With 2.0.0, the above code was not raising any exception. With 4.0.0, the exception is now thrown correctly.

The default timeout is 5 minutes. See https://github.com/Azure/azure-storage-java/blob/master/microsoft-azure-storage/src/com/microsoft/azure/storage/core/Utility.java#L352-L375

Closes #12567.

Release notes from 2.0.0:

 * Removed deprecated table AtomPub support.
 * Removed deprecated constructors which take service clients in favor of constructors which take credentials.
 * Added support for "Add" permissions on Blob SAS.
 * Added support for "Create" permissions on Blob and File SAS.
 * Added support for IP Restricted SAS and Protocol SAS.
 * Added support for Account SAS to all services.
 * Added support for Minute and Hour Metrics to FileServiceProperties and added support for File Metrics to CloudAnalyticsClient.
 * Removed deprecated startCopyFromBlob() on CloudBlob. Use startCopy() instead.
 * Removed deprecated Credentials and StorageKey classes. Please use the appropriate methods on StorageCredentialsAccountAndKey instead.

 * Fixed a bug in table where a select on a non-existent field resulted in a null reference exception if the corresponding field in the TableEntity was not nullable.
 * Fixed a bug in table where JsonParser was automatically closing the response stream before it was completely drained causing socket exhaustion.
 * Fixed a bug in StorageCredentialsAccountAndKey.updateKey(String) which prevented valid keys from being set.
 * Added CloudBlobContainer.listBlobs(final String, final boolean) method.
 * Fixed a bug in blob where using AccessConditions on block blob uploads larger than 64MB done with the upload* methods or block blob uploads done openOutputStream with would fail if the blob did not already exist.
 * Added support for setting a proxy per request. Proxy can be set on an OperationContext instance and will be used when that instance is passed to the request method.
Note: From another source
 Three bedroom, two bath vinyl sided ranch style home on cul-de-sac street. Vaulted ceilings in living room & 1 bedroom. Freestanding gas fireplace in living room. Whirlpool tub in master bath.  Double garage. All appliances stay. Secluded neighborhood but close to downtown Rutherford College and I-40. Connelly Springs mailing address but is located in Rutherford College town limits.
 * Added support for SAS to the Azure File service.
 * Added support for Append Blob.
 * Added support for Access Control Lists (ACL) to File Shares.
 * Added support for getting and setting of CORS rules to File service.
 * Added support for ShareStats to File Shares.
 * Added support for copying an Azure File to another Azure File or a Block Blob asynchronously, and aborting Azure File copy operations asynchronously.
 * Added support for copying a Blob to an Azure File asynchronously.
 * Added support for setting a maximum quota property on a File Share.
 * Removed deprecated AuthenticationScheme and its getter and setter. In the future only SharedKey will be used.
 * Removed deprecated getter/setters for all request option properties on the service clients. Please use the default request options getter/setters instead.
 * Removed getSubDirectoryReference() for blob directories and file directories. Use getDirectoryReference() instead.
 * Removed getEntityClass() in TableQuery. Please use getClazzType() instead.
 * Added client-side verification for lease duration and break periods.
 * Deprecated the setters in table for timestamp as this property is only modifiable by the service.
 * Deprecated startCopyFromBlob() on CloudBlob. Use startCopy() instead.
 * Deprecated the Credentials and StorageKey classes. Please use the appropriate methods on StorageCredentialsAccountAndKey instead.
 * Deprecated constructors which take service clients in favor of constructors which take credentials.
 * Fixed a bug where the DateBackwardCompatibility flag was not applied if set on the CloudTableClient default request options.
 * Changed library behavior to retry all exceptions thrown when parsing a response object.
 * Changed behavior to stop removing query parameters passed in with the resource URI if that URI contains a SAS token. Some query parameters such as comp, restype, snapshot and api-version will still be removed.
 * Added support for logging StringToSign to SharedKey and SAS.
 * **Added a connect timeout to prevent hangs when establishing the network connection.**
 * **Made performance enhancements to the BlobOutputStream class.**

 * Fixed a bug where maximum execution time was ignored for file, queue, and table services.
 * **Changed the socket timeout to be set to the service side timeout plus 5 minutes when maximum execution time is not set.**
 * **Changed the socket timeout to default to 5 minutes rather than infinite when neither service side timeout or maximum execution time are set.**
 * Fixed a bug where MD5 was calculated for commitBlockList even though UseTransactionalMD5 was set to false.
 * Fixed a bug where selecting fields that did not exist returned an error rather than an EntityProperty with a null value.
 * Fixed a bug where table entities with a single quote in their partition or row key could be inserted but not operated on in any other way.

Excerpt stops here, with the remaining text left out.